To determine the similarity between clusters or data points, there are various distance metrics you can use. Commonly employed distance measures include Euclidean distance, Manhattan distance, and cosine similarity. These metrics quantify the dissimilarity or similarity between pairs of data points and guide the clustering process.

In this technique, initially each data point is considered as an individual cluster. At each iteration, the most similar or the least dissimilar clusters merge into one cluster and this process continues until there is only a single cluster. So, the algorithm repeatedly performs the following steps:

1: identify the two clusters that are closest together
2: merge the two most similar clusters.
Then it continues this iterative process until all the clusters are merged together.

The dissimilarity or similarity of two clusters calculation depends on the Linkage type we assume. There are 5 popular linkage options:

Complete Linkage: max intercluster dissimilarity for which you need to compute all pairwise dissimilarities between the observations in cluster K1 and the observations in cluster K2. Then pick the largest of these similarities.
Single Linkage: min intercluster dissimilarity for which you need to compute all pairwise dissimilarities between the observations in cluster K1 and the observations in cluster K2. Then pick the smallest of these similarities.
Average Linkage: mean intercluster dissimilarity for which you need to compute all pairwise dissimilarities between the observations in cluster K1 and the observations in cluster K2. Then calculate the average of these similarities.
Centroid Linkage: dissimilarity between the centroid of cluster K1 and centroid of cluster K2 (this is usually the less desired choice of linkage since it might result in a lot of overlap).
Ward’s method: work out which observations to cluster based on reducing the sum of squared distances of each observation from the average observation in a cluster.

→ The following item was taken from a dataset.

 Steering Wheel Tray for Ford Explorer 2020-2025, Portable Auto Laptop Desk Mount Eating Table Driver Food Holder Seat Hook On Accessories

Hierarchical Clustering Python Implementation

Hierarchical clustering is a powerful unsupervised learning technique that allows you to group data points into clusters based on their similarity. In this section, we will explore the implementation of hierarchical clustering using Python.

Here is an example of how to implement hierarchical clustering using Python:

import scipy.cluster.hierarchy as HieraarchicalClustering
from sklearn.cluster import AgglomerativeClustering
import numpy as np
import pandas as pd

# creating data for Hierarchical Clustering
df = np.random.randint(0,10,size = [100,2])
X1 = np.random.randint(0,4,size = [300,1])
X2 = np.random.uniform(0,10,size = [300,1])
df = np.append(X1,X2,axis = 1)
hierCl = HieraarchicalClustering.linkage(df, method='ward')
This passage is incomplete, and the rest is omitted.